Orthopedic Coding Alert

ASCs:

3 Tips Analyze Your ASC Coding Rules

Here’s how to properly use modifier SG.

Suppose you bill Medicare when your surgeon treats a hip dislocation (27256), performs a knee joint revision (27440, 27446) or applies a long leg cast (29345, 29355) in an ASC. Do you know when the “same-day global” rule applies? Do you know when to apply modifier SG or discontinued modifiers? 

Although CMS has tweaked ASC coding rules in the past, some have remained the same. The following five ASC tips can help you button up your ASC coding.

1. Remember the “Same-Day Global” Rule

Every procedure billed by the ASC has a “same-day” global period. This makes sense because the ASC is not reporting physician work services -- only facility fees. This applies to the coder working for the ASC, but not the physician who performed the service.

For instance, if a patient experiences postoperative bleeding and the physician must return the patient to the ASC for control of bleeding on the same day, both the physician’s coder and the ASC’s coder should report the appropriate control-of-bleeding code appended with modifier 78 (Unplanned return to the operating/procedure room by the same physician or other qualified health care professional following initial procedure for a related procedure during the postoperative period) because the procedure occurred within the -same-day- global period for the ASC.

If, however, the physician returned the patient to the ASC the day after the initial surgery, the ASC coder would report the appropriate control-of-bleeding code with no modifier attached. For the ASC’s purposes, the initial surgery’s global period has expired, even though the surgery includes a 90-day global period for physician services. On the other hand, the orthopedic surgeon’s coder would report the bleeding-control code with modifier 78 appended because the physician’s services still follow the standard global rule.

Takeaway: The ASC coder should follow the “same-day” global rule, but the physician’s coder should follow standard global period rules from the fee schedule, experts say.

2. Properly Append Modifier SG

When the ASC coder bills Medicare for any service performed in the ASC, she must list modifier SG (Ambulatory surgical center [ASC] facility service) as the first modifier on the claim. And remember to append modifier SG to every code listed on the claim, not just the first code.

For example, the surgeon performs a modified McBride bunionectomy (28292) on the left great toe and performs a hammertoe correction (28285) on the left fourth toe in the ASC. 

The ASC coder should report 28285-SG-T3 as the first procedure (because the hammertoe correction is an ASC grouper of “3,” which pays more), and the bunionectomy second (with a grouper of “2”) as 28292-SG-TA-59 (Distinct procedural service).

The surgical coder will report 28292-TA as the primary code (due to 28292’s higher relative value), followed by 28285-T3-59.

3. Discontinued Coding Modifiers May Differ

ASC coders may occasionally use modifier 52 (Reduced services) but won’t use modifier 53 (Discontinued procedure). Instead, insurers usually require ASC coders to call on modifiers 73 (Discontinued outpatient hospital/Ambulatory surgery center [ASC] procedure prior to the administration of anesthesia) or 74 (Discontinued outpatient hospital/Ambulatory surgery center [ASC] procedure after administration of anesthesia), as appropriate.
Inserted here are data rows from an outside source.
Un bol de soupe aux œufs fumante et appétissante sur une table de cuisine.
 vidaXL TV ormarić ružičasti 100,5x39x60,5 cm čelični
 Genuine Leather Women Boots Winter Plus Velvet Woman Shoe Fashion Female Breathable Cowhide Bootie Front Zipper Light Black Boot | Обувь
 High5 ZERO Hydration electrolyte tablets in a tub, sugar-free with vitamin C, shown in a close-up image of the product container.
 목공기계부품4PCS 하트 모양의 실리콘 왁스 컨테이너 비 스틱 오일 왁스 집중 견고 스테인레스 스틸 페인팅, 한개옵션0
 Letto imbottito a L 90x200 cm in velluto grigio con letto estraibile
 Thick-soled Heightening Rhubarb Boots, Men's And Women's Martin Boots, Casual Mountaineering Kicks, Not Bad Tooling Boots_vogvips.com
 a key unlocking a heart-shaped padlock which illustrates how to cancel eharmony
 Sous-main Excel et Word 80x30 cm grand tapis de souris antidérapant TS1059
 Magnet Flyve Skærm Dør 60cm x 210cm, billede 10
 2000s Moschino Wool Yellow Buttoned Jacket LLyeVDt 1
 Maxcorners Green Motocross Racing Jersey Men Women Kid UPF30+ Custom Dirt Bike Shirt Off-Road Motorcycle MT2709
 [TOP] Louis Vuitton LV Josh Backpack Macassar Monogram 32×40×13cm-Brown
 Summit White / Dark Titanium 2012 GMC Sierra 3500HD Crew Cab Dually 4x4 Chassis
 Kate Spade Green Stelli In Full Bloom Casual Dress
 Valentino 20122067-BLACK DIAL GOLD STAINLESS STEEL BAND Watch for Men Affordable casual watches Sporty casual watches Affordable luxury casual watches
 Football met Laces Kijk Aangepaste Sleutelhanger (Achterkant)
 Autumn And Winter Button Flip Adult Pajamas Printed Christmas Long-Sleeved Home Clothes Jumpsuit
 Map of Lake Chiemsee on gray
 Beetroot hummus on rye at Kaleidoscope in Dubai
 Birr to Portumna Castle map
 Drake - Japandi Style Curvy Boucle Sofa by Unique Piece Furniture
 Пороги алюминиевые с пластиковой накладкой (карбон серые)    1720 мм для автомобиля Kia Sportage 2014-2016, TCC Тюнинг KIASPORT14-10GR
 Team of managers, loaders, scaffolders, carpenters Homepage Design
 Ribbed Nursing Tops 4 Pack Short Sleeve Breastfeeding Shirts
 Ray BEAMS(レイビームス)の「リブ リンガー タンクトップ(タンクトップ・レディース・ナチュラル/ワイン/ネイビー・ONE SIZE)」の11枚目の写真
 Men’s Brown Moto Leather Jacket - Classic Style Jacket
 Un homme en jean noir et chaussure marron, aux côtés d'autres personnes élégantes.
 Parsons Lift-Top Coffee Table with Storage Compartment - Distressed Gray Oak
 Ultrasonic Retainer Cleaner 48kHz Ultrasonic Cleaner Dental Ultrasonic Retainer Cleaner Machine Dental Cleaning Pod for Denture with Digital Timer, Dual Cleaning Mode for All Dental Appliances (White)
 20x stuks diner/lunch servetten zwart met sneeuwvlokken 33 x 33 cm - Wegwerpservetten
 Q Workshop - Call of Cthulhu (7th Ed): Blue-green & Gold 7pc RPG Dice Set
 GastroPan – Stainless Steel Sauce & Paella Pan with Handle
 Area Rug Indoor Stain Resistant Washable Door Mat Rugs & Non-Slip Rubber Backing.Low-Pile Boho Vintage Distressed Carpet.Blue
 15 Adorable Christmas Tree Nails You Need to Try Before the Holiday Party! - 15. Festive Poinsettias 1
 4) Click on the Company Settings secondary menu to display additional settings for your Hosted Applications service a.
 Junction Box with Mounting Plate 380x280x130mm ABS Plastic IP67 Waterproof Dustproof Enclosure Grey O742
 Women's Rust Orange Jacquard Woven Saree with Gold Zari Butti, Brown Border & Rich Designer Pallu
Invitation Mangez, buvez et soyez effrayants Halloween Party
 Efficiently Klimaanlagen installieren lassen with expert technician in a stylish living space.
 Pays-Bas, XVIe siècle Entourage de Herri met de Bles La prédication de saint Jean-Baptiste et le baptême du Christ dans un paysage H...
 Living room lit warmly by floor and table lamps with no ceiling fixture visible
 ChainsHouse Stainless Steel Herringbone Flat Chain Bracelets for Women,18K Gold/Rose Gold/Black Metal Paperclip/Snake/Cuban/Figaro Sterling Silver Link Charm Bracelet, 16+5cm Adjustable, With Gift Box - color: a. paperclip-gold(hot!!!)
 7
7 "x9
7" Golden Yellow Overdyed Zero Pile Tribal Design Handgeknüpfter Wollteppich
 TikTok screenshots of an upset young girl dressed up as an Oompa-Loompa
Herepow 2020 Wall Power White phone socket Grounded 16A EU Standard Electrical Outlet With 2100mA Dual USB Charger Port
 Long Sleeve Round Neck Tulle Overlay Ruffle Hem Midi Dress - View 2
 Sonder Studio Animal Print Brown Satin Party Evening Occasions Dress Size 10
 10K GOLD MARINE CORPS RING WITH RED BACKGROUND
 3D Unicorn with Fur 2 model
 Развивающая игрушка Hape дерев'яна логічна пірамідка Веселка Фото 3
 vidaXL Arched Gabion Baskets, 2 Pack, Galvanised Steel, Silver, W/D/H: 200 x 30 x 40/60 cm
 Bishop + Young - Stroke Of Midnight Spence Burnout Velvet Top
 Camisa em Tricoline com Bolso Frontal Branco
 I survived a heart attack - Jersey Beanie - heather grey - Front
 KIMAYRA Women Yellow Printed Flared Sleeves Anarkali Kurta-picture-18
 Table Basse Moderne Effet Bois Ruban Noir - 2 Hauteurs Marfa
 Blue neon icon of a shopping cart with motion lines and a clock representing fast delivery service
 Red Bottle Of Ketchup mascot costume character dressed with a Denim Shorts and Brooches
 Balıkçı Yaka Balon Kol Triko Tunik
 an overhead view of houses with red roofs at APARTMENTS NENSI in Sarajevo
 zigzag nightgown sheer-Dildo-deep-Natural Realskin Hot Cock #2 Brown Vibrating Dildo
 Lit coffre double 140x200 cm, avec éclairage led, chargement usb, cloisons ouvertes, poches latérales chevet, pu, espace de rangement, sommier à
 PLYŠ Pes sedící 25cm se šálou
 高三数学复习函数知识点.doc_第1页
For example: A surgeon is treating a torn meniscus (29881, Arthroscopy, knee, surgical; with meniscectomy [medial OR lateral, including any meniscal shaving] including debridement/shaving of articular cartilage [chondroplasty], same or separate compartment(s), when performed). But after the procedure has commenced, the patient develops significant cardiac arrhythmia. Although the anesthesiologist works to control the patient’s vital signs, the surgical team decides to discontinue the surgery. The surgical coder should report 29881-53, and the ASC coder should report 29881-SG-74.

Note: Medicare keeps the full list of allowable ASC procedures on its Web site, according to the year that the physician performed the service. Visit the CMS site www.cms.hhs.gov/ASCPayment/ for the full list of ASC-allowed procedures.